La Mongolia entra nell'Onu del giallo

In «Yeruldelgger» di Ian Manook affari sporchi e misteri della steppa

Daniele Abbiati

Quando uno stereotipo non infastidisce più, o non era un vero stereotipo, oppure serve a capire come funziona la testa della gente. Anche dei giallisti e dei loro personaggi. I suoi personaggi, Ian Manook, al secolo Patrick Manoukian, giovanilissimo francese giramondo classe 1949, è andato a scovarli nella Mongolia di oggi, l'ultima fra le emergenti potenze economiche d'Oriente, terra promessa (alle multinazionali occidentali) delle risorse naturali e delle terre rare, indispensabili tesori chimici utili a spostare un po' più in là, oltre i confini del lecito, i confini delle super tecnologie. Anche laggiù, ci spiega, si guardano le serie di CSI Miami e di Criminal Intent. Anche laggiù c'è un commissario di polizia dalle maniere spicce alla Clint Eastwood, ci sono mafiosi (cinesi e russi), teppisti (coreani), sicari (turchi), neonazisti (locali), truffatori (kazaki), violentatori (ancora locali, negli spazi immensi delle steppe). E, ovviamente, tutori della legge che tutelano tutto tranne la legge.

Questo marcantonio che ha la fisicità di Bud Spencer (pace all'anima sua), l'acume del dottor House e il culto per le proprie radici di Salvo Montalbano si chiama Yeruldelgger, e dà il titolo a un romanzo dalle tinte forti come la violenza che impera a Ulan Bator e dintorni e insieme lievi come quelle che regalano gli sconfinati paesaggi incastrati tra i due bracci della tenaglia Russia-Cina (Fazi, pagg. 522, euro 16,50, traduzione - con qualche asperità forse voluta - di Maurizio Ferrara). Duro e puro, il Nostro ha avuto la famiglia distrutta: figlia minore uccisa, moglie impazzita, figlia maggiore caduta nel gorgo putrido delle pessime compagnie. E ora, cinque anni dopo, cioè nel 2012, si trova a indagare su due casi complessi: nella capitale sono stati bestialmente ammazzati tre cinesi e due prostitute mongole, loro occasionali accompagnatrici, e a centinaia di chilometri di distanza, in uno dei suddetti paesaggi incantevoli, spunta dal terreno il cadavere di una bimba di cinque anni. Il filo che li lega, spesso e solido come le redini con cui i nomadi governano i loro fieri destrieri, non tarda a emergere. Ma a mettere i bastoni fra le ruote al carrarmato Yeruldelgger sono l'ispettore Chuluum e il direttore della giudiziaria «Mickey» Sukhbataar. Perché? Ecco la domanda delle cento pistole, e delle mille possibili risposte.

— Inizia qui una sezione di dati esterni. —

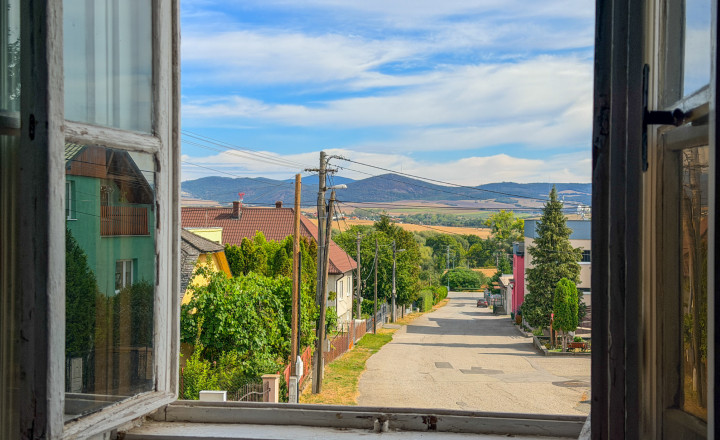 Na predaj - Rodinný dom s historickým nádychom - Bretejovce - fotografia 10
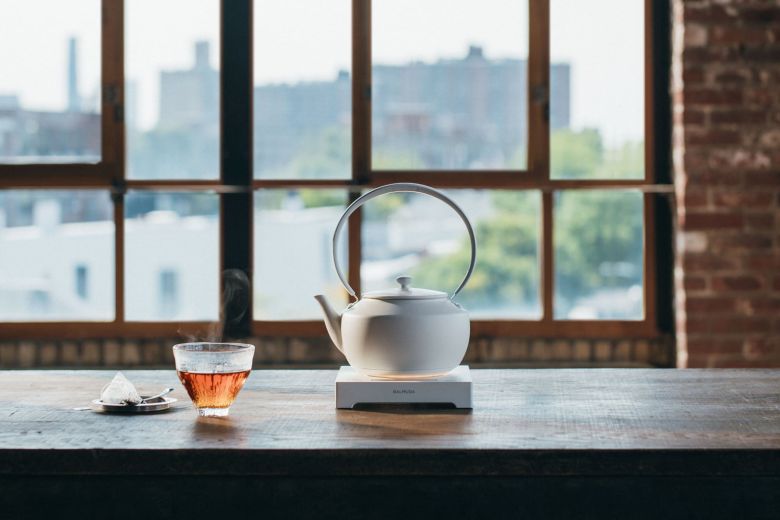 발뮤다 전기주전자 문케틀./발뮤다 제공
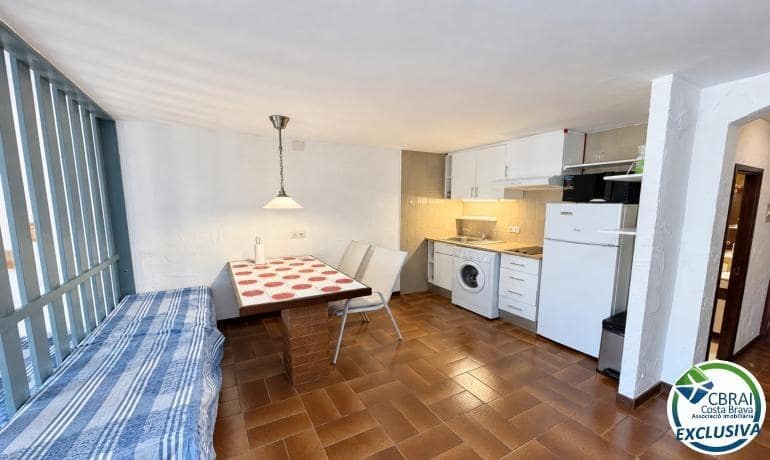Yksiö myytävänä paikassa Santa Margarida - 185 000 € (Ref: 10109677)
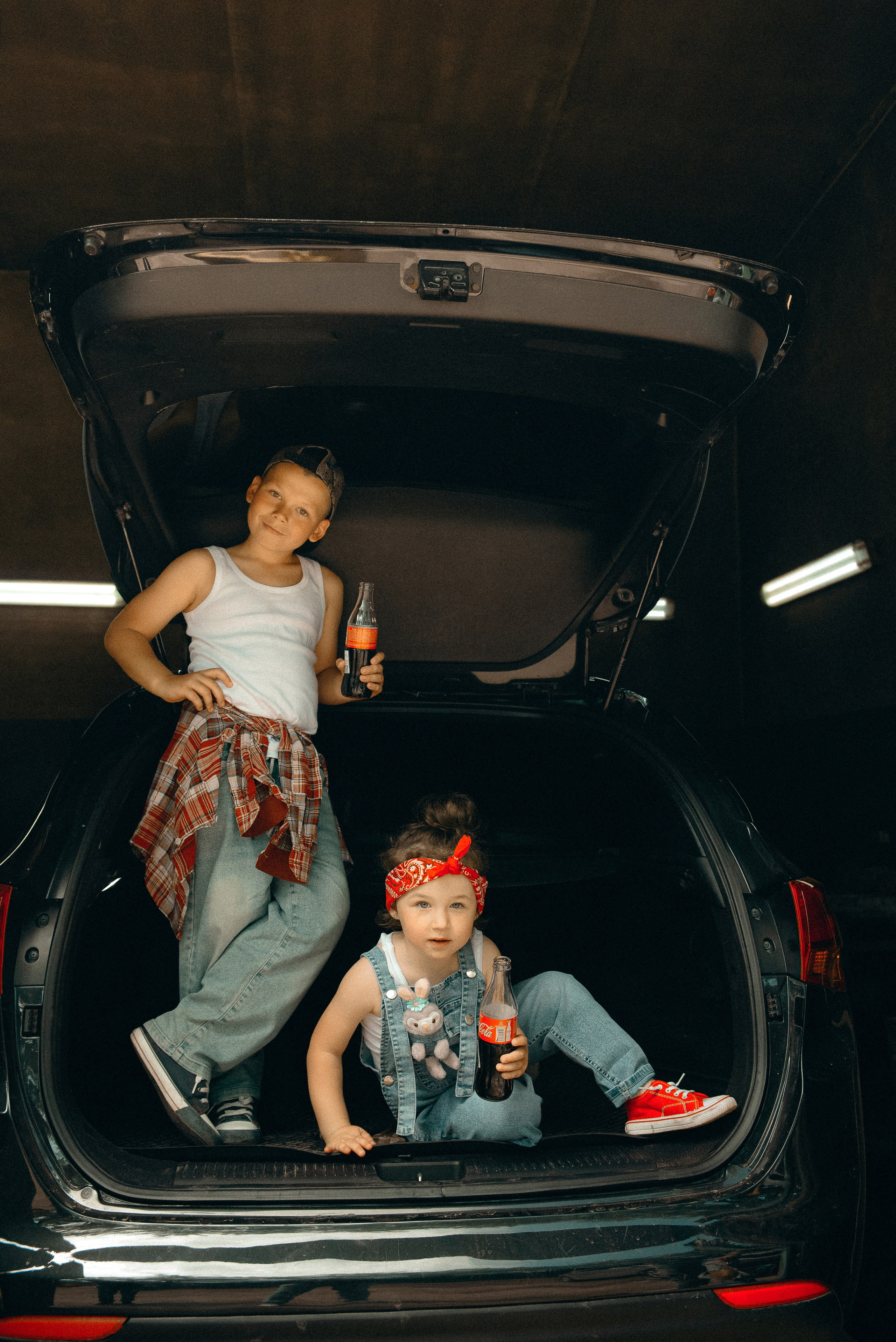 Гараж. Римма Гусакова. Выпускные фотокниги. Детские и семейные фотосессии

Quando poi si materializza il fantasma del loschissimo suocero, una sorta di Padrino che si sente onnipotente come Gengis Khan e ha una ricca collezione di scheletri nell'armadio, il commissario capisce che soltanto risalendo alla fonte delle ancestrali tradizioni dove da ragazzo apprese l'abicì dell'essere veri mongoli potrà tentare di dipanare l'intricatissima matassa. A dargli manforte, fra un'immersione nelle fogne di Ulan Bator, una visita (non gradita) al mercato delle auto rubate, un sopralluogo nella steppa che i tamarri coreani usano per scorrazzare in quad gonfi di pessima vodka, sono due donne entrambe non troppo segretamente innamorate di lui, la dolce collega Oyun e la medico legale Solongo. Insieme allo scugnizzo Gantulga, il quale ai giallofili fedeli ai canoni occidentali ricorderà uno degli «irregolari di Baker Street», i giovanissimi collaboratori di Sherlock Holmes. Ma in Yeruldelgger, stereotipi buoni a parte, di canonico non c'è nulla.

E questo, tutto sommato, è un pregio.

Ian Manook sarà questa sera a «Letterature», il Festival Internazionale di Roma. Alle ore 21 lo scrittore francese leggerà il proprio testo inedito «L'uccello blu di Erzurum», introdotto dall'attore Michele di Mauro.